By Stefan J. Bos. Chief International Correspondent Worthy News reporting from Budapest, Hungary
Poland has come under mounting pressure from Brussels for refusing to obey several EU treaties, including respecting the independence of the judiciary and media.
Warsaw says Poland’s sovereignty should be respected. A Polish top court ruled that it was against Poland’s constitution if EU laws have primacy over domestic legislation.
However, on Wednesday, the European Court of Justice clarified it disagreed with imposing the penalty after a weeklong war of words between Poland and the EU.
Poland demanded that Brussels stay out of its judicial affairs. At the same time, other EU nations insisted that Warsaw could not continue to get massive EU subsidies while disregarding the bloc’s democratic principles.
“You cannot pocket all the money but refuse the values,” Belgian Prime Minister Alexander De Croo said Wednesday, warning Poland not to treat the EU like “a cash machine.”
The Court of Justice decided to take some of that money. It claimed the daily fine was “necessary to avoid serious and irreparable harm to the legal order of the European Union. And to the values on which that Union is founded, in particular, that of the rule of law.”
The EU’s executive European Commission had requested the penalty until the Polish government acts to improve the functioning of the Polish Supreme Court. It was also asked to suspend new laws deemed to undermine judicial independence.
Poland’s deputy justice minister, Michal Wojcik, hinted that Poland might not respect the European court’s decision once again. He said the ruling has “no legal basis” because the court allegedly acted outside its jurisdiction.
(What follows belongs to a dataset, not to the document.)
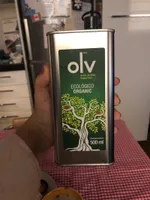 Aceite de oliva orgánico ecológico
Hungary, a close ally of Poland, has also made clear it would not support an EU infringement procedure against the Polish government.
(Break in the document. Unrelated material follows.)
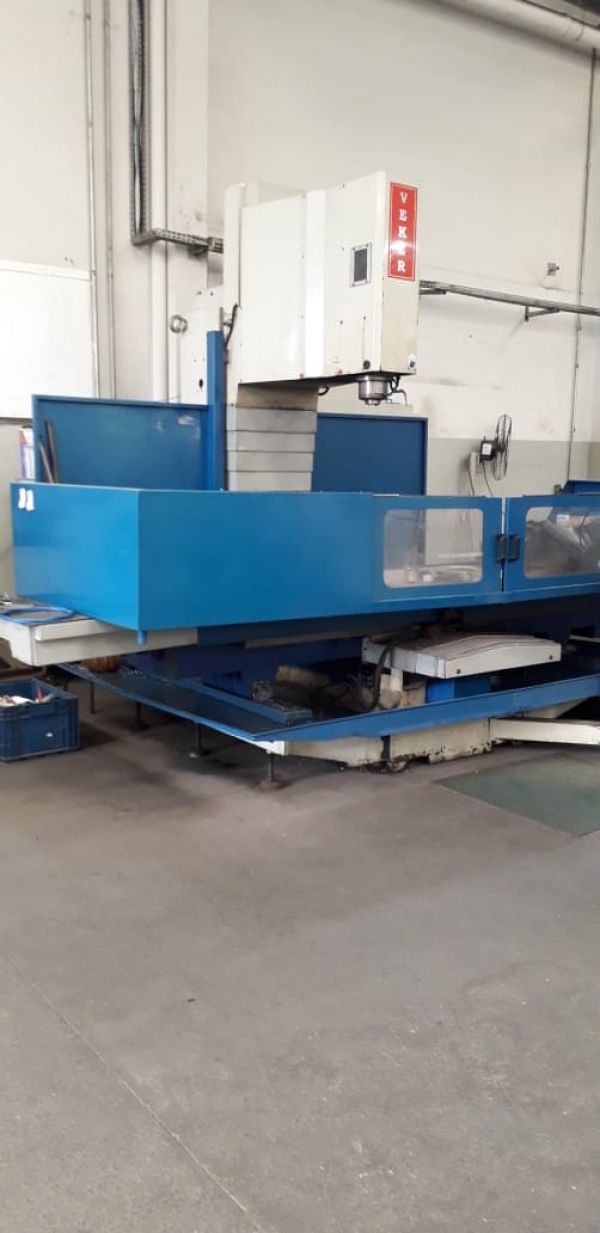 Fresadora CNC VEKER VK4900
Hungarian Prime Minister Viktor Orbán told reporters that that ideological pressure within the 27-nation bloc has become unprecedented.
He claimed that the European Commission had transformed itself from the guardian of treaties into an ideological center. Orbán stressed that Poland and Hungary were experiencing a “modernized form” of the “Brezhnev doctrine” in the European Union day by day.
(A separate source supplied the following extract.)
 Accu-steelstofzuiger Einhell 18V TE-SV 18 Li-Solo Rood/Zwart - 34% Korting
He referred to the Soviet Union-era when Hungary, Poland, and other Eastern European nations were effectively ruled from Moscow through puppet regimes.
Under the Brezhnev doctrine, if a member state of the Soviet bloc deviated from the centrally determined ideology, other member states could intervene in its internal affairs, he recalled.
“We were sad to establish that ideological pressure within the European Union has become stronger than ever,” including towards Poland and Hungary, he said.
Orbán added that migration and advocacy of open society had been promoted to a degree unseen before.
Like Poland, Hungary has also come under EU pressure over its perceived violations of rule-of-law.
“Of course, such a procedure is a lot less brutal than an intervention by Soviet tanks, but it is still an intervention. And this is what both Poland and Hungary are experiencing day by day,” Orbán stressed.
He spoke after meeting Marine Le Pen, president of the far-right French National Front.
She also compared the EU to the Communist bloc when thousands of Hungarians were killed
during Hungary’s 1956 Revolution against Soviet domination.
Over the past few years, the European Parliament made repeated attempts “to crucify” Hungary, said Orbán, who claims to defend Christian family values.
He thanked Le Pen and her party for “standing up” for Hungary on every occasion when it was exposed to “such unfair attacks.”
Orbán has come under opposition fire over his perceived flirting with the far-right.